GROSS: I want to ask you about something in your background that I have a feeling has some connection to the work you're doing now and the philosophy that you take. You grew up in China, where your parents were Methodist missionaries. And I believe it was the beginning of World War II. You and all the students and teachers from your school were taken prisoners in a Japanese concentration camp after Japan invaded China. Did you have experiences in this concentration camp that helped you do the work that you're doing now in some way or understand how you should be doing it?

PREVITE: Well, I didn't think of that until much later. But I think a lot of what I do at the youth center is very similar to what our teachers marched - that were marched off to prison camp with us. We had these marvelous, Victorian schoolmarm missionary teachers in our school that were marched off with us. We didn't see our parents for five and a half years, so you've got a whole school of children with no parents. And they seem to know instinctively what to do with kids in a prison camp. It was the most astonishing thing.

GROSS: Well, who did - the teachers?

PREVITE: The teachers did. The teachers did. And here were guard dogs and electrified wires and bayonet practice and all this - all the other horrors of war that no child should ever know. And these teachers would say - they didn't say it this way, but it was - they made a very predictable atmosphere.

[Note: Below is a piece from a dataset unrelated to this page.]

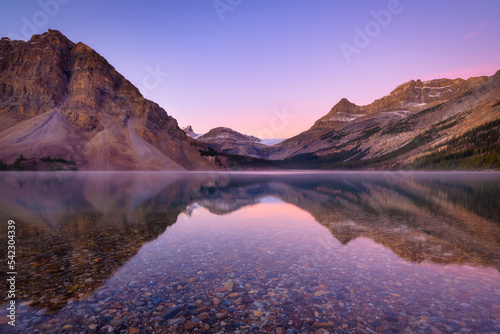 Bow lake. Mountain landscape at dawn. Lake and forest in a mountain valley at...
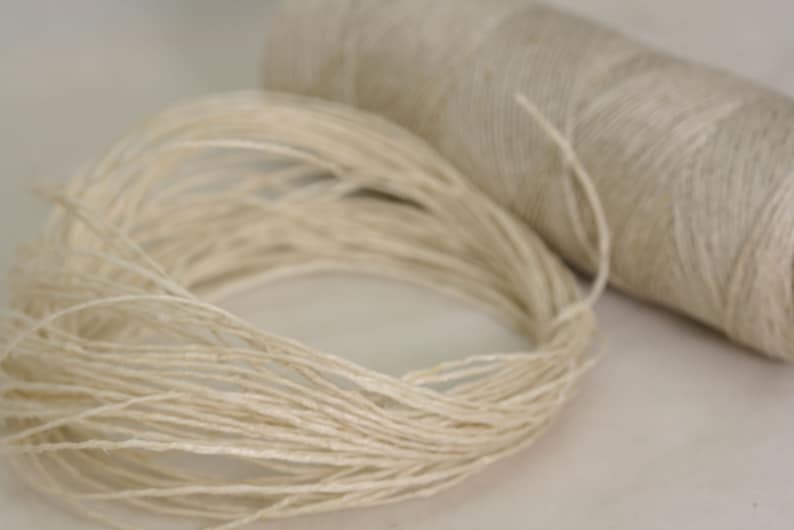 May include: A spool of natural fiber twine, with a loose end of the twine spilling out from the spool.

We knew when we'd get up in the morning. Does that sound like what I said to you a bit ago?

GROSS: Exactly.

PREVITE: We knew when we would get up in the morning. We'd hear Ms. Start (ph) come in to nudge us all to get up. We knew when we had to scrub our little portion of floor that was around our steamer trunks. We slept on steamer trunks. There were no beds. We knew when we were going to march off to eat. And the teachers insisted that we were going to continue with school, even though it meant sitting on the floor or sitting on the steamer trunks and using slates and a piece of chalk to do our school work. And there was a very comfortingly predictable structure. And, of course, absolutely, God was going to take care of us. There was no question about that, so that was a very comforting thing. They surrounded us with a world that we knew what to expect, despite Japanese guard dogs and Japanese bayonet practice around us. And I think I'd do much of the same thing at the youth center.

GROSS: What kind of expectations of your behavior did the teachers have while you were in the concentration camp?

PREVITE: Oh, oh. Well, our teachers - we were growing up in the time of Princess Elizabeth and Princess Margaret Rose, who were the princesses of - in Buckingham Palace. I was born British, so these were great characters in our life. And our teachers said, you will sit up straight with your backs up straight at the dining hall, where you might be eating slop out of a tin can. And they said, there is not one set of rules for Buckingham Palace or outside world and another set of rules for the Weihsien concentration camp. So we had to have rules and manners just like Princess Margaret Rose and Princess Elizabeth, even in the confines of a Japanese prison camp.

BIANCULLI: Mary Previte from conversations recorded with Terry Gross in 1993 and 1994. More after a break.

This is FRESH AIR.

(SOUNDBITE OF RANKY TANKY'S "FREEDOM")

BIANCULLI: This is FRESH AIR. Let's get back to Terry's conversations from 1993 and 1994 with children's advocate Mary Previte, who died last month at age 87.

(SOUNDBITE OF ARCHIVED NPR BROADCAST)

GROSS: You are from such an incredibly different world than the world that you work in now. I mean, you are the child of missionary parents. You grew up in China, where your parents were Methodist missionaries. You went to a kind of fine and very strict school for the children of missionaries. Then, as we'll get to in a second, you spent several years in a Japanese concentration camp. Do you tell the young people at the detention center about your experiences in the concentration camp?

PREVITE: Sometimes, I do. They're absolutely fascinated.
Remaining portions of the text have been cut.